While the advice is sound, this number isn't the right number for this argument.

That 10^15 number is for UREs, which aren't going to cause silent data corruption -- simple naive RAID style mirroring/parity will easily recover from a known error of this sort without any filesystem layer checksumming. The rates for silent errors, where the disk returns the wrong data that benefit from checksumming, are a couple of orders of magnitude lower.

iberator 6 hours ago | parent | next [-]

This is pure theory. Ber shouldn't be counted per sector etc? We shouldn't tread all disk space as single entity, IMO

thfuran 4 hours ago | parent [-]

Why would that make a difference unless some sectors have higher/lower error rates than others?

Dylan16807 3 hours ago | parent [-]

For a fixed bit error rate, making your typical error 100x bigger means it will happen 100x less often.

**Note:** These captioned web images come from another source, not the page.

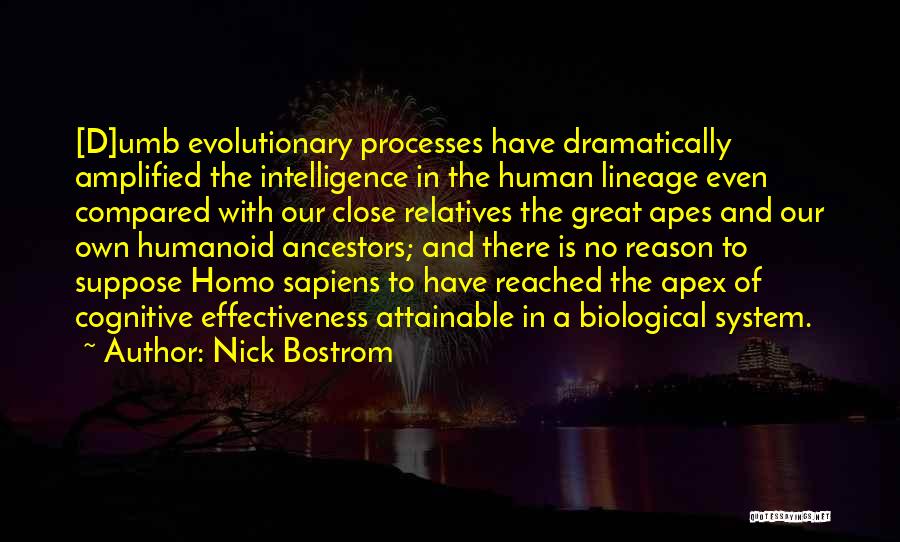 Nick Bostrom Quotes: [d]umb Evolutionary Processes Have Dramatically Amplified The Intelligence In The Human Lineage Even Compared With Our Close Relatives The Great
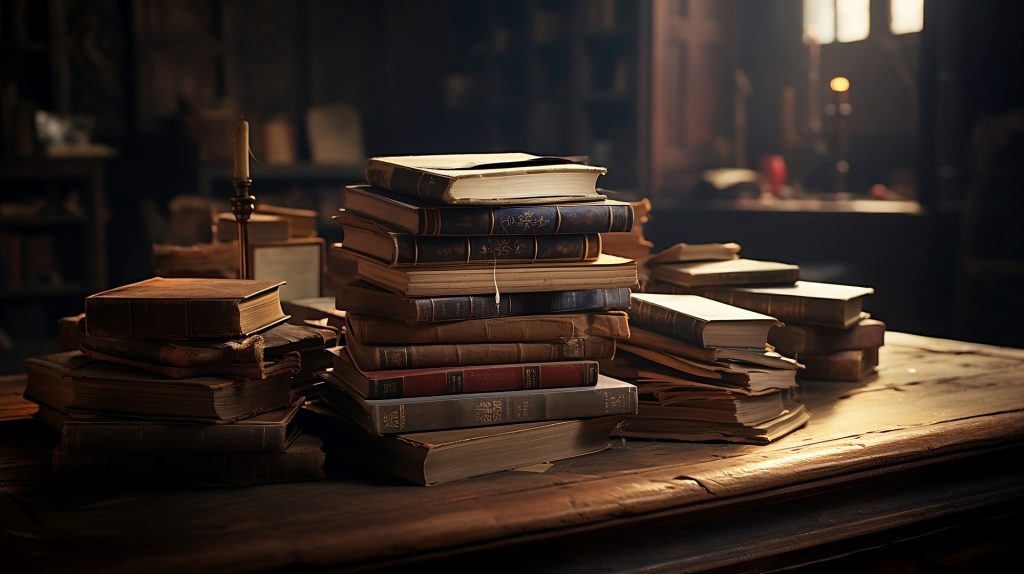 積み上げられた本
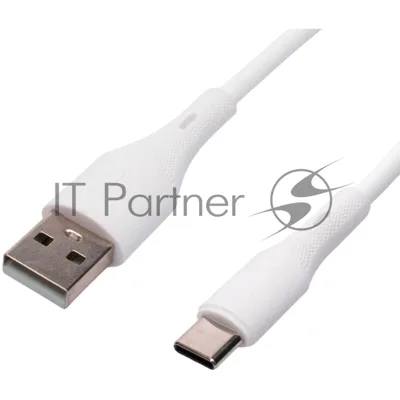 Кабель USB2.0 Cablexpert CC-USB2S-AMCM-1M-W, AM/Type-C, 3А, 18Вт, QC3.0, силиконовый, медь, 1м, белый, пакет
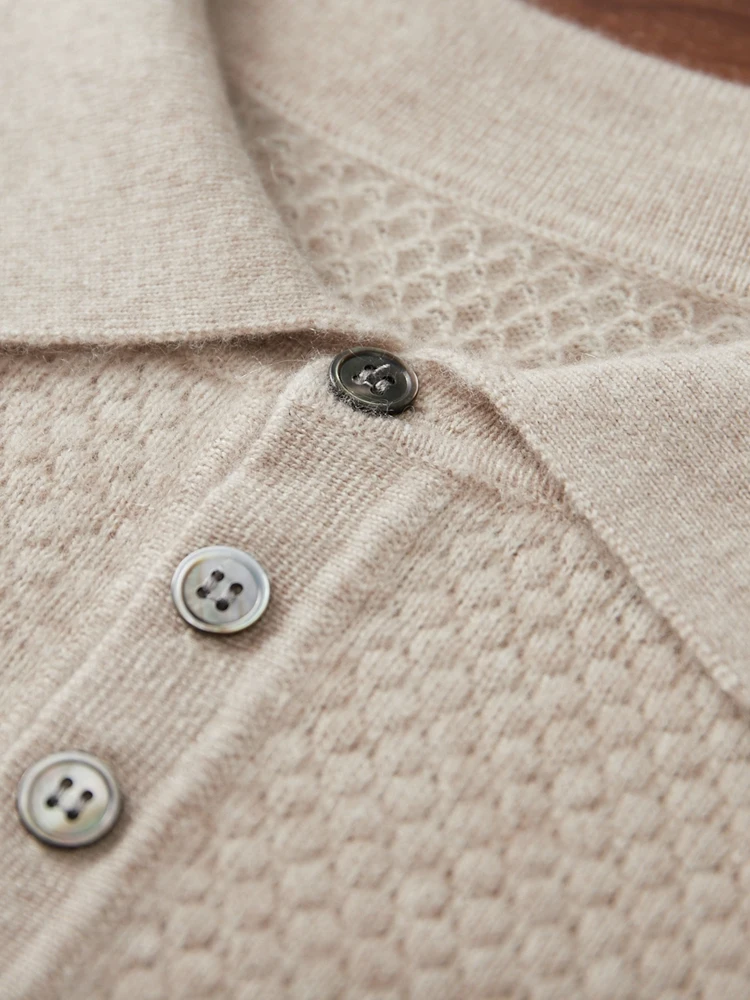 TLOML メンズ 100% カシミヤ ポロ セーター 秋冬 ベーシック スマート カジュアル 長袖 プルオーバー カシミヤ ニットウェア ソフト 快適 トップス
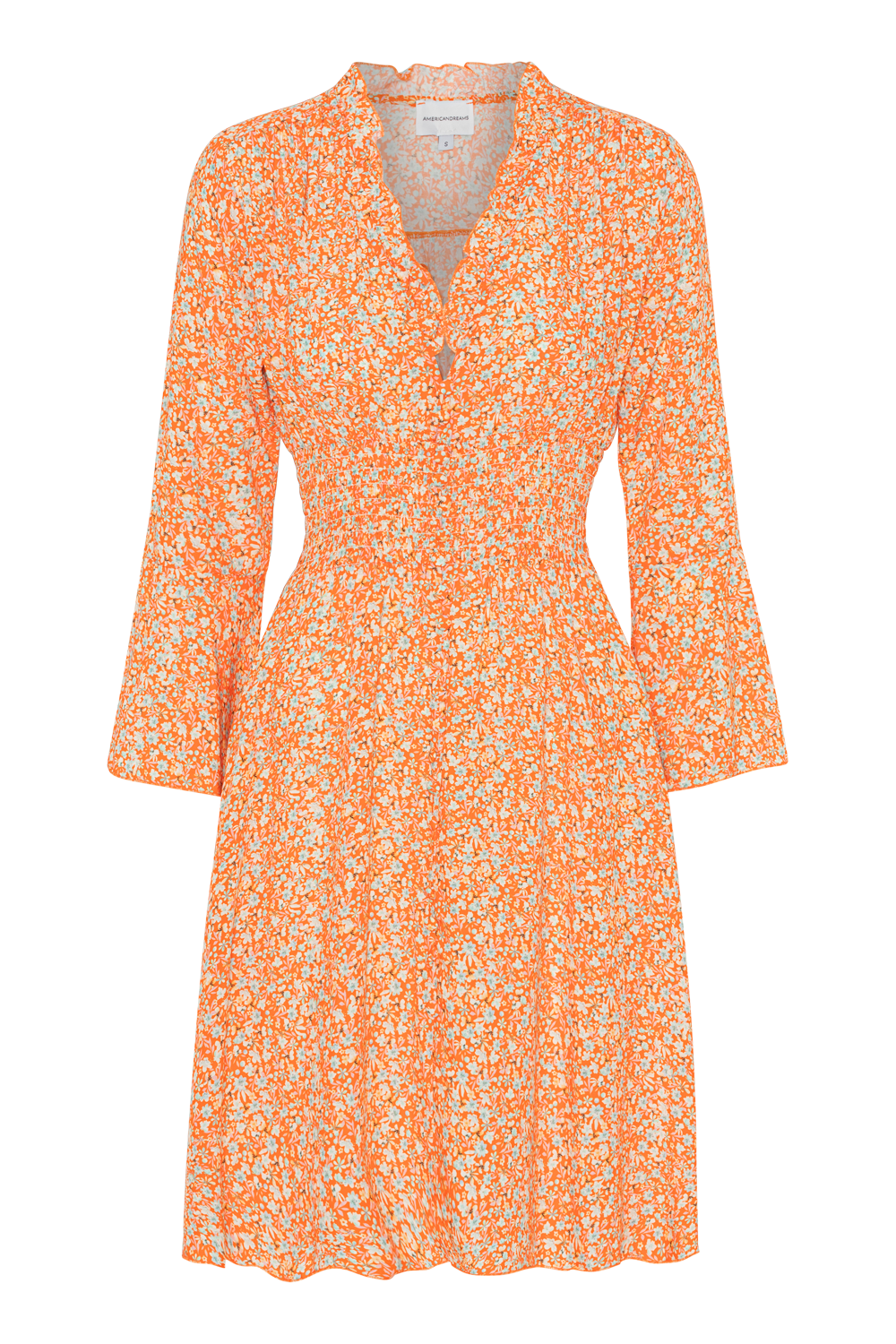 Sally Short Dress Orange Flower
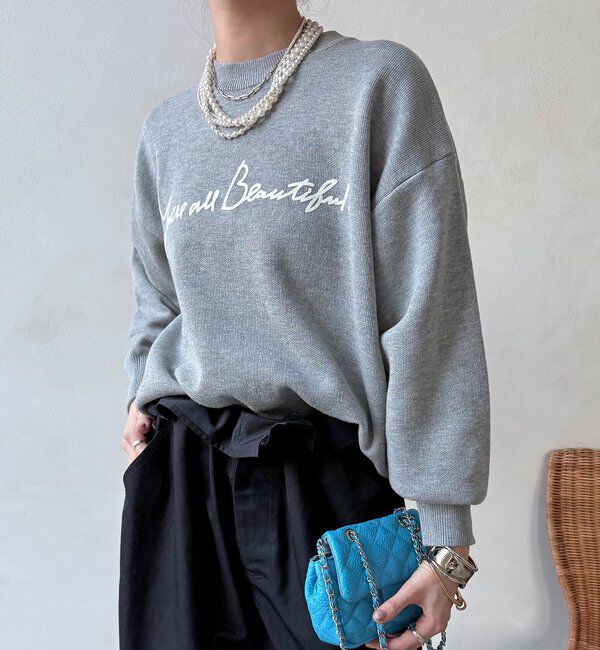  「【WEB限定】スウエットライクロゴニット」|ニット・セーター|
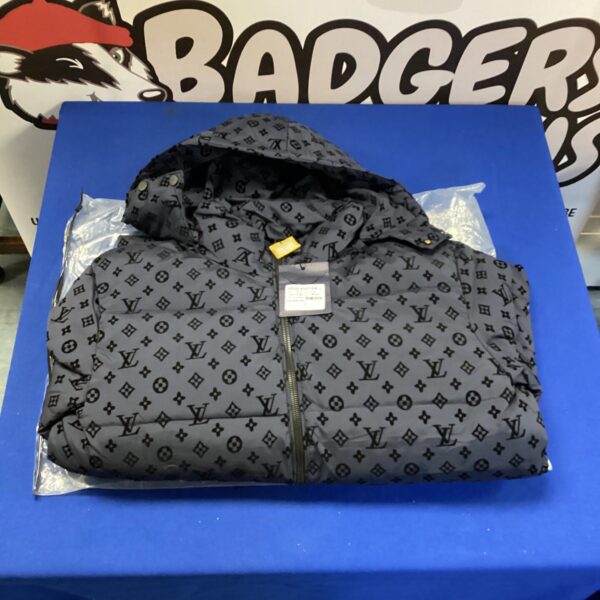 XL Louis Vuitton style puffer jacket, designer inspired fashion.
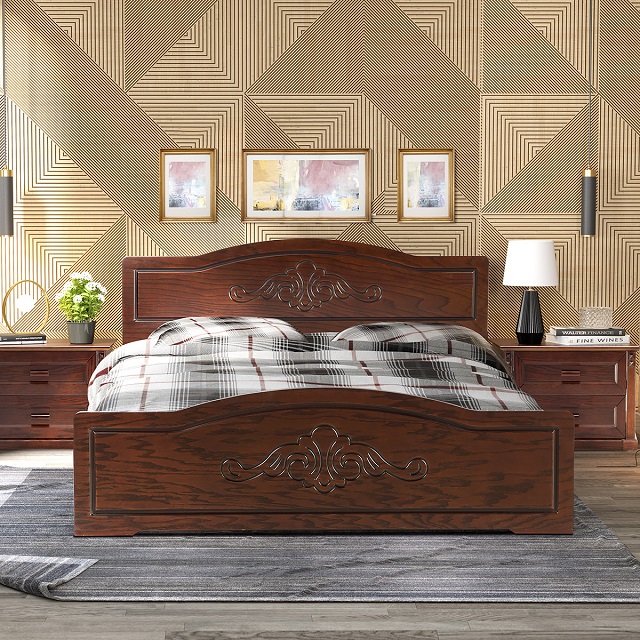 Noor Wooden Double Bed | BDH-316-3-1-20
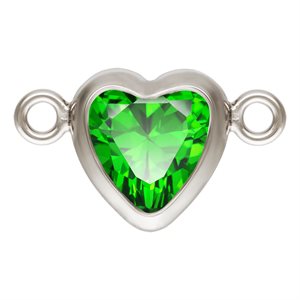 5.0mm Green 3A CZ Horizontal Heart Bezel Connector SPAT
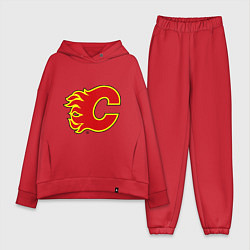 Женский костюм оверсайз Calgary Flames, цвет: красный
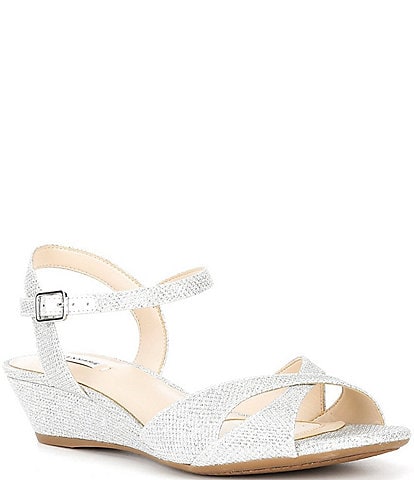 Alex Marie Matilda Glitter Wedge Dress Sandals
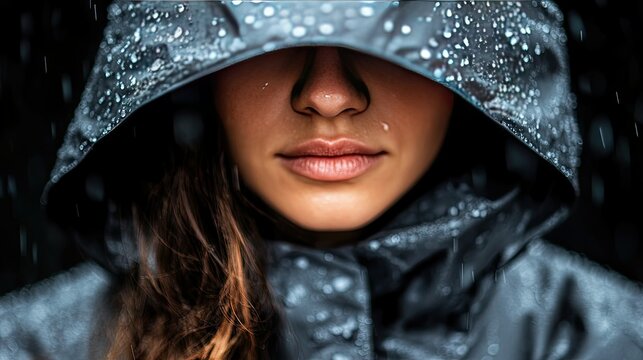 Close-up of a woman wearing a grey raincoat with raindrops glistening on her hood, focusing on her calm expression as she faces the rain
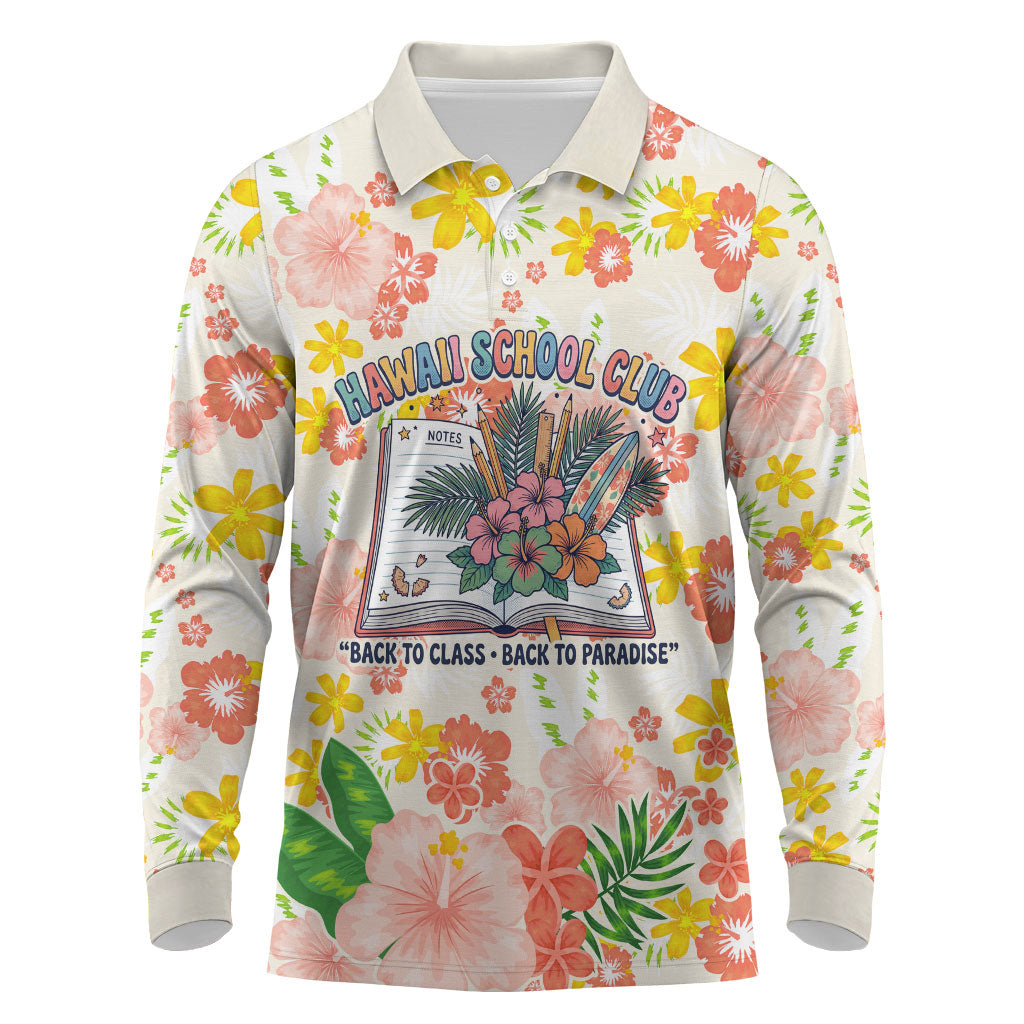 Personalized Hawaii School Club Back To Class Long Sleeve Polo Shirt Retro Tropical Hibiscus Pattern With Open Notebook TS04 White Orange - Polynesian Pride
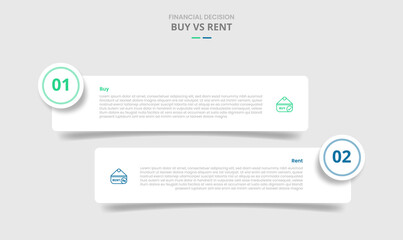 buy vs rent comparison for infographic with round rectangle box with circle badge drop shadow style with two point list information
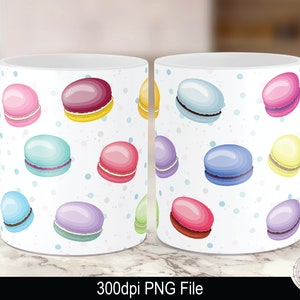 Macroon Mug PNG, French Mug PNG, Coffee Mug PNG, Mug Press Sublimation, Sublimation png, 12oz sublimation, 15oz Sublimation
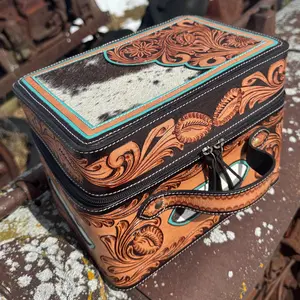 Genuine Western Cowhide and Tooled Leather Jewelry toiletry Case Box
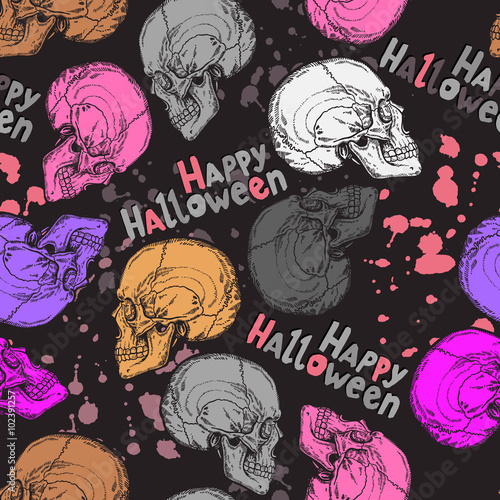 seamless halloween pattern with color skulls  text and blots
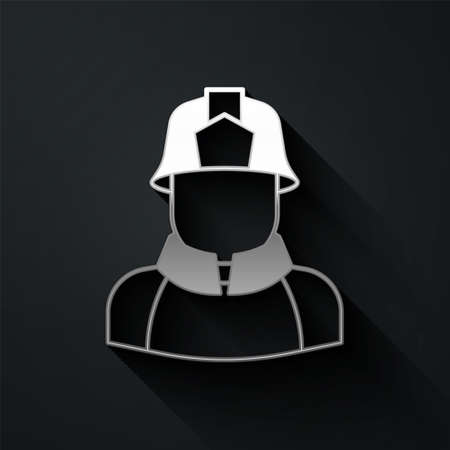 Silver Firefighter icon isolated on black background. Long shadow style. Vectorのイラスト素材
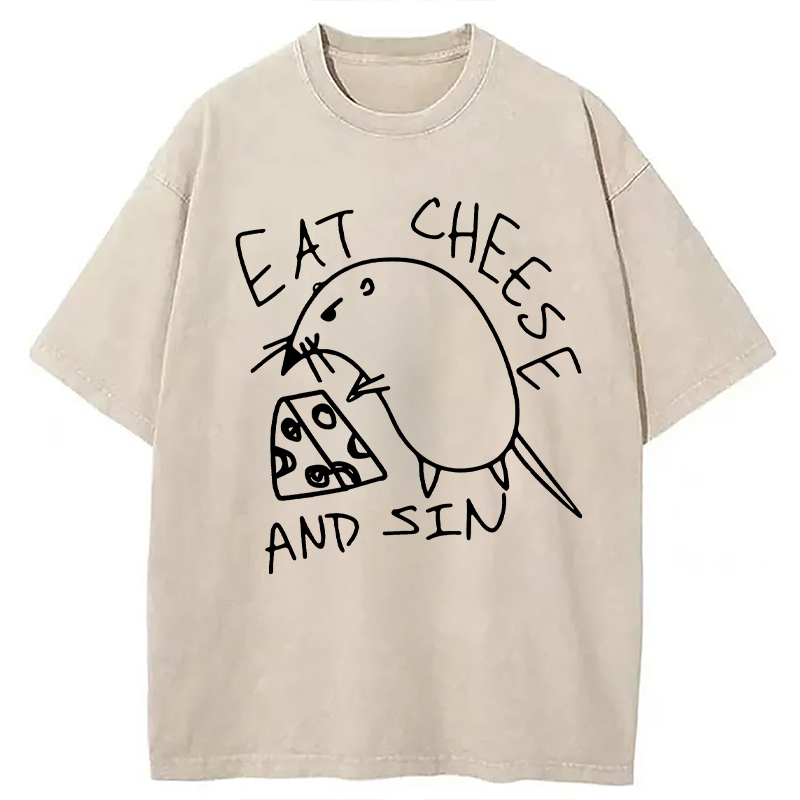 Modecanvas Eat Cheese And Sin Meme Washed T-Shirt-modecanvas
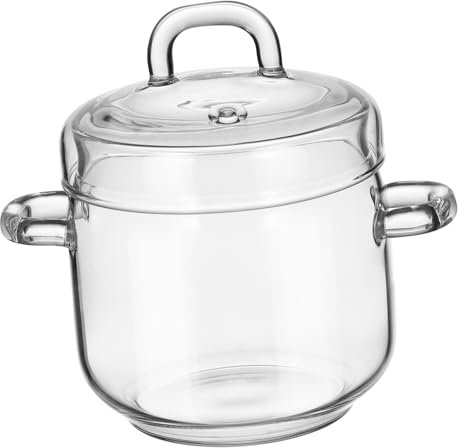 TOPBATHY Glass Stewing Pot with Lid Heat-Resistant Steam Bowl for Soups and Steamed Eggs Easy to Use Comfortable Grip for Restaurant and Home Cooking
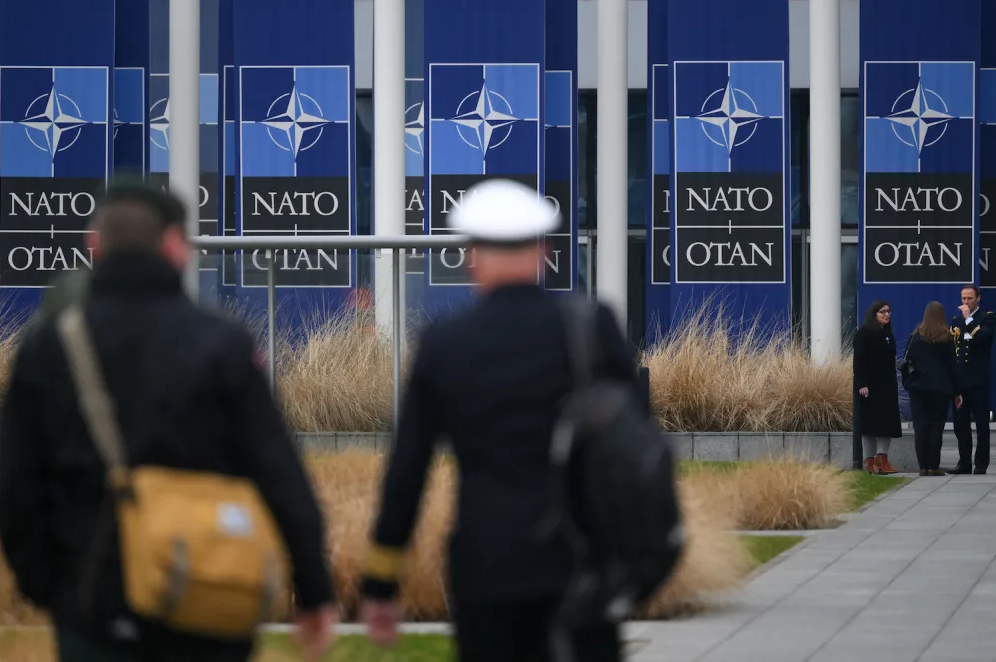 Trụ sở của NATO ở Brussels, Bỉ ngày 12/2. Ảnh: Getty.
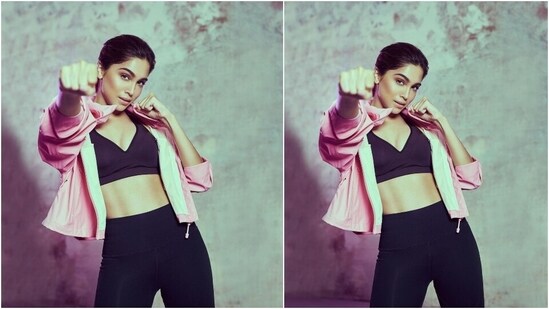 Shavari shared the pictures from the photoshoot with a funny caption that reads, "First workout of the year - Mukkabaaz. Remaining 364 days - Dhokebaaz." It perfectly depicts the laziness inside us that takes over when we try to motivate ourselves to hit the gym, especially in the winters.(Instagram/@sharvari)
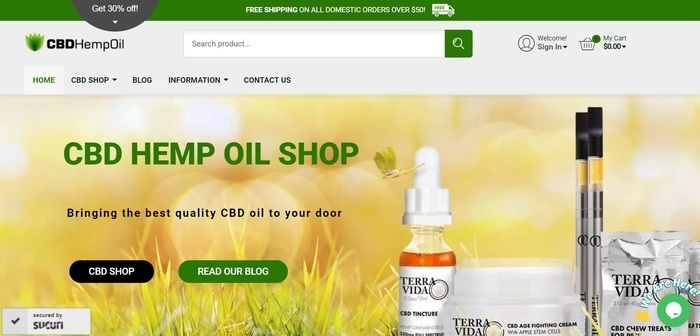 screenshot of the affiliate sign up page for CBDHempOil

If the typical error is an entire sector, that's over 30 thousand bits. 1:1e15 BER could mean 1 corrupted bit every 100 terabytes or it could mean 1 corrupted sector every 4 exabytes. Or anything in between. If there's any more detailed spec for what that number means, I'd love to see it.

digiown 4 hours ago | parent | prev [-]

This stat is also complete bullshit. If it were true, your scrubs of any 20+TB pool would get at least corrected errors quite frequently. But this is not the case.

The consumer grade drives are often given an even lower spec of 1 in 1e14. For a 20TB drive, that's more than one error every scrub, which does not happen. I don't know about you, but I would not consider a drive to be functional at all if reading it out in full would produce more than one error on average. Pretty much nothing said on that datasheet reflects reality.

alexfoo 2 hours ago | parent [-]

> This stat is also complete bullshit. If it were true, your scrubs of any 20+TB pool would get at least corrected errors quite frequently. But this is not the case.

I would expect the ZFS code is written with the expected BER in mind. If it reads something, computes the checksum and goes "uh oh" then it will probably first re-read the block/sector, see that the result is different, possibly re-read it a third time and if all OK continue on without even bothering to log an obvious BER related error. I would expect it only bothers to log or warn about something when it repeatedly reads the same data that breaks the checksum.

Caveat Reddit but https://www.reddit.com/r/zfs/comments/3gpkm9/statistics_on_r... has some useful info in it. The OP starts off with a similar premise that a BER of 10^-14 is rubbish but then people in charge of very large pools of drives wade in with real world experience to give more context.